Non ci sono state reprimenda del Cairo per il #muslimban di Trump, e se gli Usa finanzieranno l’Egitto considerandolo un bastione della sicurezza in Medio Oriente, tutto questo potrebbe complicare ulteriormente le cose per Sarraj, e per l’Italia, che sul caso Regeni ha praticamente rotto le relazioni con il Cairo – una vicenda, quella del ricercatore di Fiumicello, che non è ancora chiusa da un punto di vista diplomatico. Anche la situazione in Siria appare molto lontana dai desiderata di Bruxelles, di Alfano e di molti opinionisti internazionali: che il Paese debba essere ricostruito dopo una guerra civile disastrosa che ha fatto centinaia di migliaia di morti, non c’è dubbio, ma ricordiamoci che al momento la Siria è uno stato fallito, il Paese è spaccato tra lo Stato islamico, che ha subito gravi sconfitte ma conserva la sua roccaforte di Raqqa, tra la striscia che il regime di Assad ha consolidato negli ultimi mesi, tra le milizie dei “ribelli” (Al Nusra compresa, filiale locale di Al Qaeda), e i combattenti curdi. Una situazione che resta esplosiva.

Prima di parlare di ricostruzione qualcuno dovrebbe mettere al tavolo i diversi contendenti e i Paesi che li spalleggiano, ma la Siria, il regime di Assad, non sarà invitata alla conferenza della Lega Araba, fa sapere la Giordania. Ora, di fronte a queste situazione, c’è un Paese che al di là delle sue credenziali più o meno democratiche negli ultimi anni ha dimostrato di avere una forte iniziativa politica, e che non ha avuto timore a intervenire anche con la forza, come in Siria, per preservare o espandere i suoi interessi. Parliamo della Russia di Putin. La Russia gioca un ruolo di primo piano in Siria, ma è anche vicina alle posizioni egiziane sulla Libia.
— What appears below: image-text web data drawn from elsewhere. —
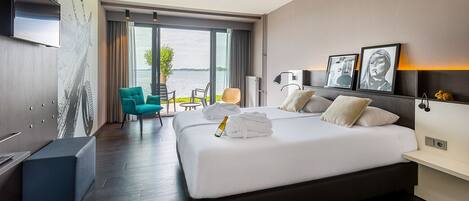 A modern hotel room with a large bed, a TV mounted on the wall, and a view of the water outside.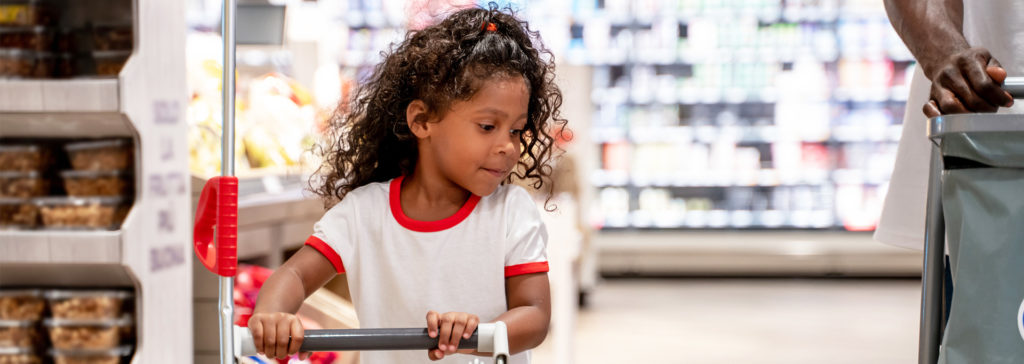 small girl shopping with her family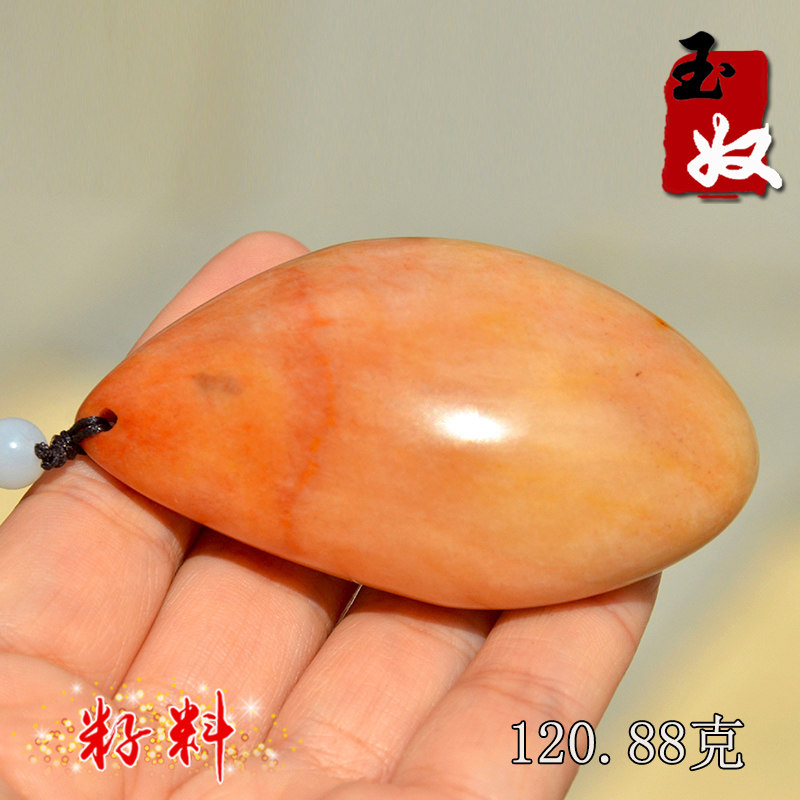 新疆天然金丝玉/藕粉俏红黄地表籽料水滴原石/鱼/手把件/120.88克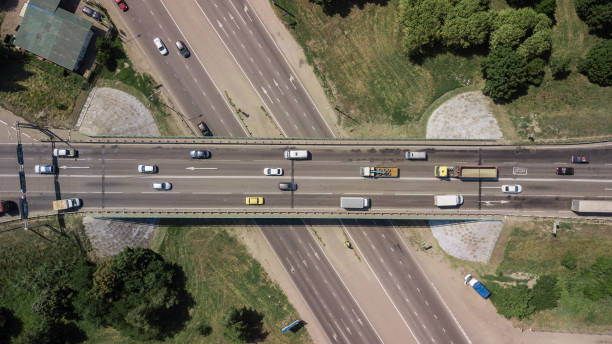 istock Top down aerial view of transportation highway overpass 1010665030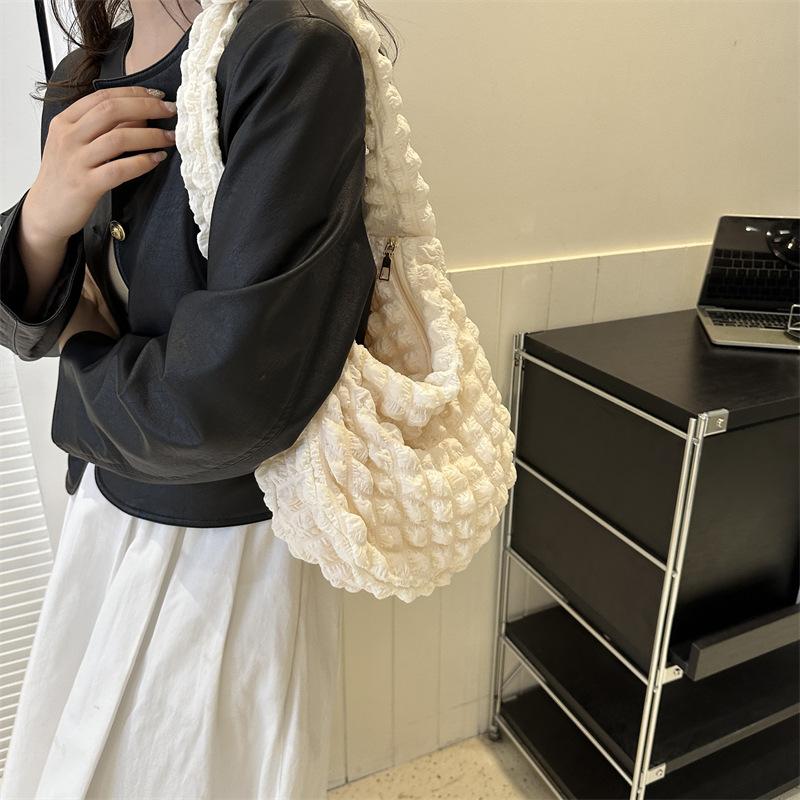 Popular fashion simple temperament commuter pleated bag women's 2025 one-shoulder armpit bag hand-held bucket bag trendy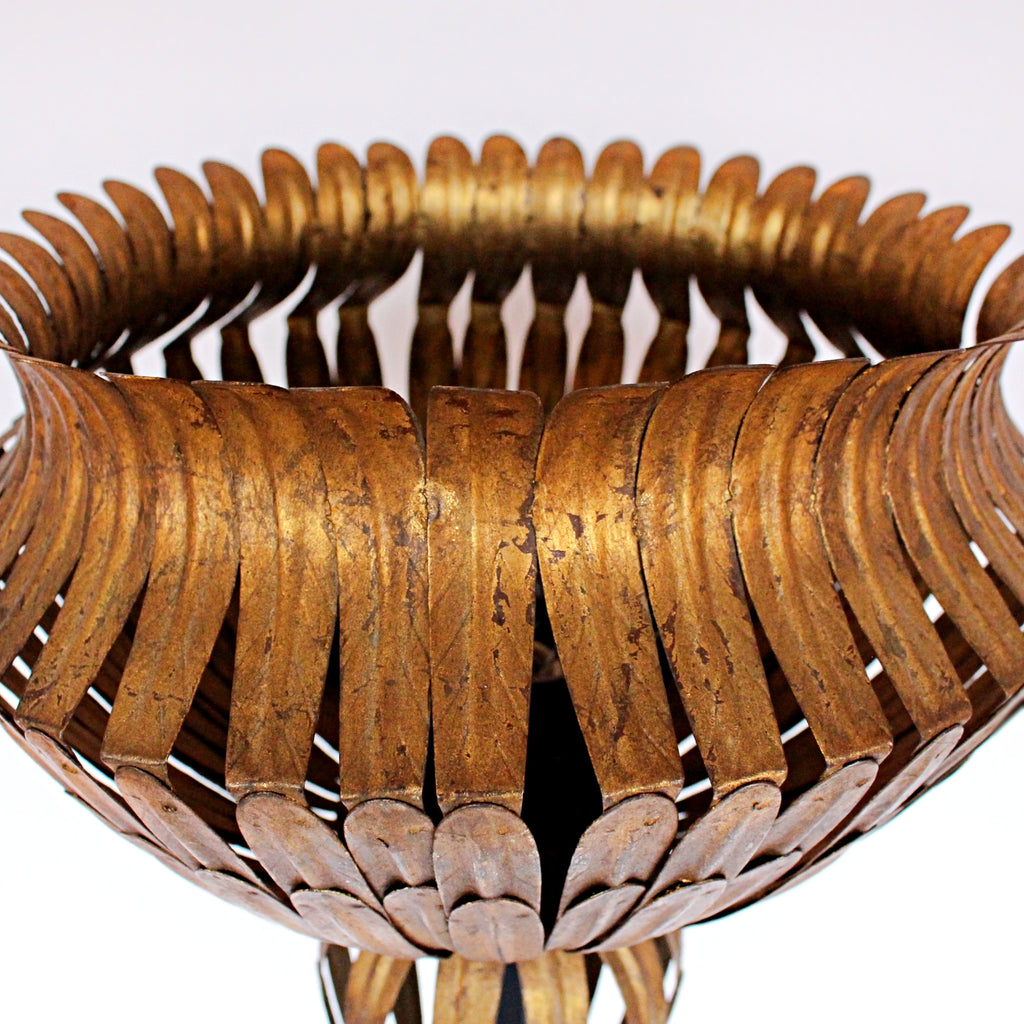 A pair of 20th Century gilt metal and cast iron floor lamps. Iron stem and base. Caged, stylised shades.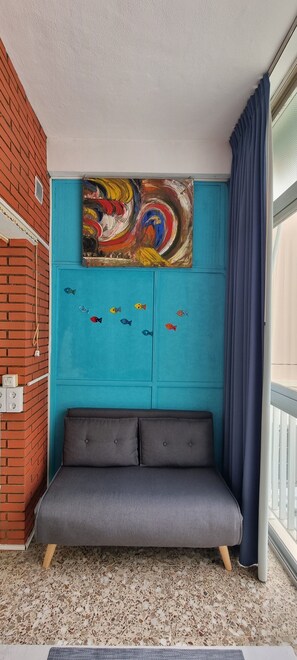 Une pièce avec un mur d’accent de couleur turquoise, un tableau abstrait aux couleurs vives, un canapé gris et une fenêtre avec un rideau bleu.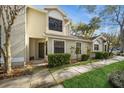 Inviting exterior of home featuring manicured landscaping, neutral colors, and a well-maintained walkway at 5100 Burchette Rd # 306, Tampa, FL 33647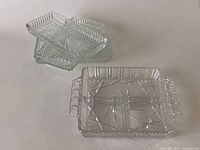 Four rectangular clear crystal glass serving dishes arranged overlapping, showing ridged edges and starburst pattern bases.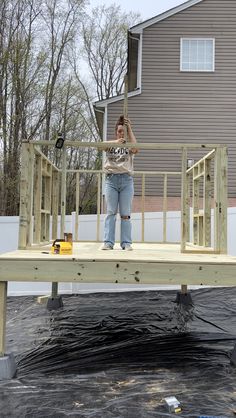 a woman standing on top of a wooden deck in front of a house under construction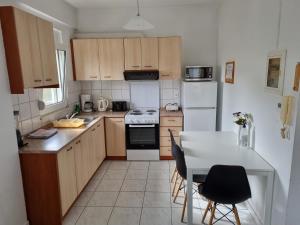 A kitchen or kitchenette at Likehome Apartments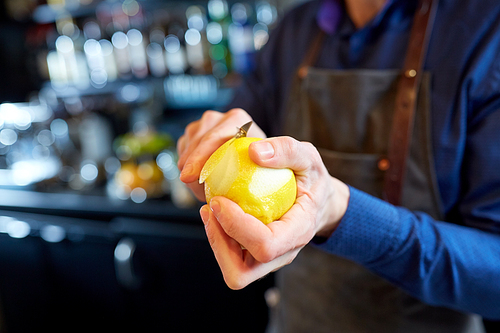 people and profession concept - bartender with peeler removing peel from lemon at bar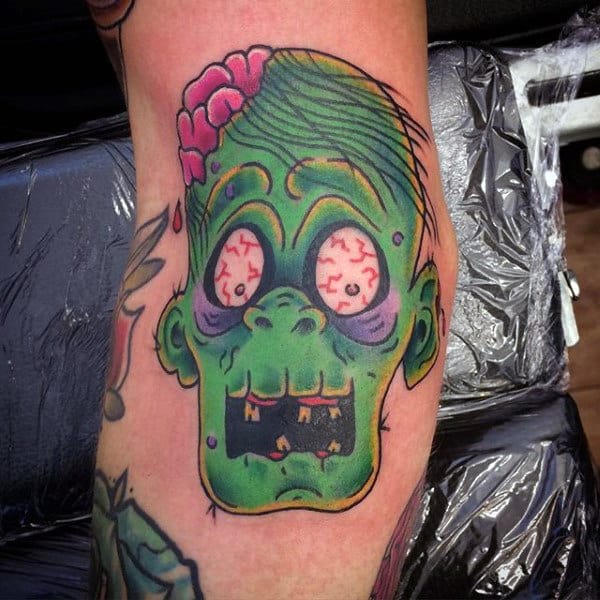 Green Faced Zombie Mens Cartoon Style Bicep Tattoo Inspiration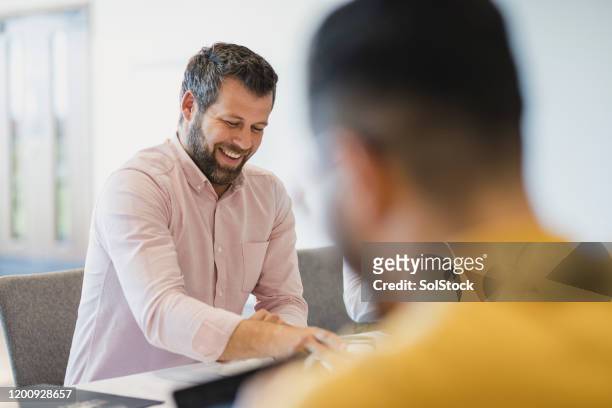 cheerful mature businessman smiling in meeting - differential focus stock pictures, royalty-free photos & images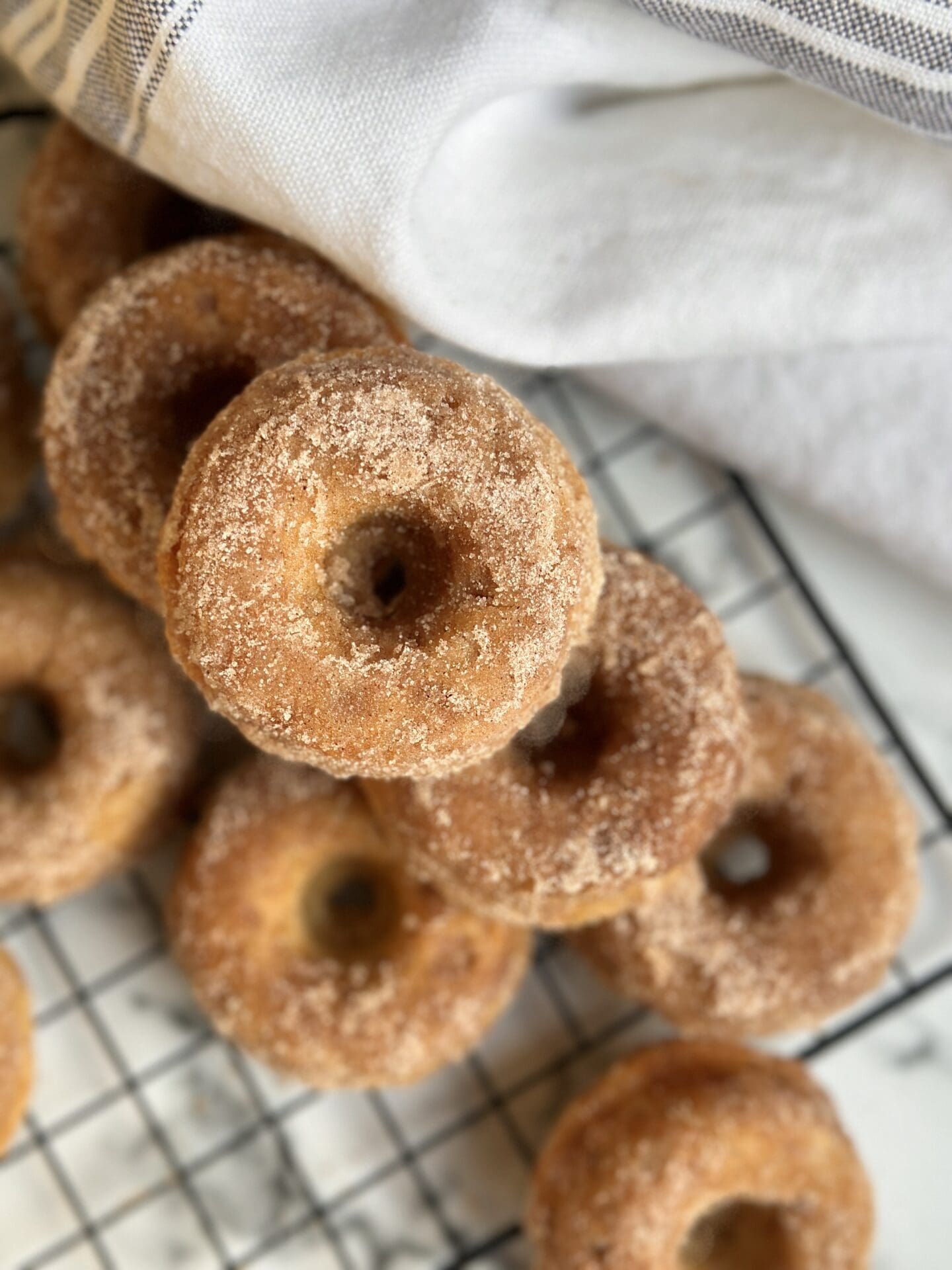 IMG_0036 A stack of freshly baked Cinnamon Sugar donuts on a black wire cooling rack is seen from above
Si tratta quindi di un attore che ha piena rilevanza nella risoluzione delle crisi in Medio Oriente, tanto più che i nuovi Stati Uniti di Trump cercano una azione comune con Mosca nella lotta al terrorismo. Su questo aspetto, decisivo, e cioè le nostre relazioni, dell’Italia, dell’Europa, con Mosca, la posizione espressa da Alfano non è chiara. Il ministro dice che le sanzioni contro Putin per adesso proseguono, ma aggiunge che, se ci fosse una distensione tra Usa e Russia noi italiani saremmo senza dubbio molto contenti. Insomma, le sanzioni restano ma “sono lo strumento per riuscire a ritrovare le condizioni di una intesa”, dichiarazione che un negoziatore di acciaio come il russo Lavrov rispedirebbe senza troppi complimenti al mittente. Fino adesso infatti le sanzioni europee contro la Russia non hanno messo all’angolo Putin. Rafforzarle o proseguire su questa strada potrebbe complicare la vita al Cremlino, ma l’atmosfera che si respira dopo la vittoria di Trump non sembra quella di un inasprimento delle relazioni con Mosca.

Alfano ha anche ricordato che la via per un superamento delle sanzioni passa dal rispetto degli accordi di Minsk sulla Ucraina, ma così come con le fallite primavere arabe, anche la “primavera ucraina”, la strategia euroamericana portata avanti negli ultimi anni da Obama e Bruxelles, non è stata poi questo grande successo, lasciando esposta l’Europa al disastro in Medio Oriente e alla insicurezza delle frontiere NATO in Europa orientale. Per cui, al di là dei ponti da costruire, della tradizionale cooperazione in cui il nostro Paese, dicono, si esprime al meglio (ma reggerà a Trump che chiede agli europei di assumersi i costi della NATO più di quanto l’Italia non faccia già?), finché l’Italia, anzi, l’Europa, non prenderà una posizione chiara sulle sanzioni a Mosca, nel mutato contesto americano, non aspettiamoci stabilità in Libia o la ricostruzione della Siria.